TPS ≥ 90% and adenocarcinoma histology were independent risk factors for irAEs in previously untreated patients with advanced or recurrent NSCLC. Therefore, patients at high risk of irAEs require additional monitoring.
自 2015 年以来,免疫检查点抑制剂已成为晚期或复发性非小细胞肺癌(NSCLC)患者的临床治疗策略。然而,免疫相关不良事件(irAE)风险因素与患者临床特征之间的关系尚不清楚。本研究旨在评估 irAE 风险与 NSCLC 患者临床特征之间的关系。

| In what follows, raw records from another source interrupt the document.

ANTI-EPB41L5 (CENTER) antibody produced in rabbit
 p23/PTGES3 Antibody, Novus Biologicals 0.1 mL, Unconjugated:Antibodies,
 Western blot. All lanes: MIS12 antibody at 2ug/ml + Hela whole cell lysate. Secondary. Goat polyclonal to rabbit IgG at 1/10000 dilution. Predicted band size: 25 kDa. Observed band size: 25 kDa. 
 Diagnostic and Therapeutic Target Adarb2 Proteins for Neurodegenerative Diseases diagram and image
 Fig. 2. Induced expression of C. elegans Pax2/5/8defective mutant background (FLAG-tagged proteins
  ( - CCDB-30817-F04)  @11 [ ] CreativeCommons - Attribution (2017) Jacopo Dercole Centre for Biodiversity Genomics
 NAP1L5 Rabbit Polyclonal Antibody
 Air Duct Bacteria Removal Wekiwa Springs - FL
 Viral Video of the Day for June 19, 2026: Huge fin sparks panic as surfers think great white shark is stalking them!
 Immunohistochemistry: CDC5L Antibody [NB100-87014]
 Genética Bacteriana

我们纳入了接受免疫检查点抑制剂治疗的已知程序性死亡配体 1 表达水平的晚期或复发性 NSCLC 患者。我们回顾性检查了 260 例 NSCLC 患者(2016 年 3 月至 2020 年 11 月)的病历,并分析了患者临床特征与 irAEs 之间的关系。
我们的回顾性分析显示,肿瘤比例评分(TPS)≥90%和腺癌组织学是一线治疗中发生 irAEs 的独立危险因素(优势比:3.750,95%置信区间[CI]:1.58-8.89 和 0.424,95%CI:0.19-0.97)。然而,在接受二线或更后线治疗的患者中,没有临床特征被确定为 irAEs 的危险因素。此外,TPS≥90%和 TPS<90%两组之间的一线治疗反应率无差异(74%比 71%,p=0.83)。在更后线治疗中,TPS≥90%组的反应率优于 TPS<90%组(55%比 17%,p<0.05)。然而,两组的总生存均无显著差异。
TPS≥90%和腺癌组织学是非小细胞肺癌患者发生 irAEs 的独立危险因素。因此,高 irAE 风险的患者需要额外的监测。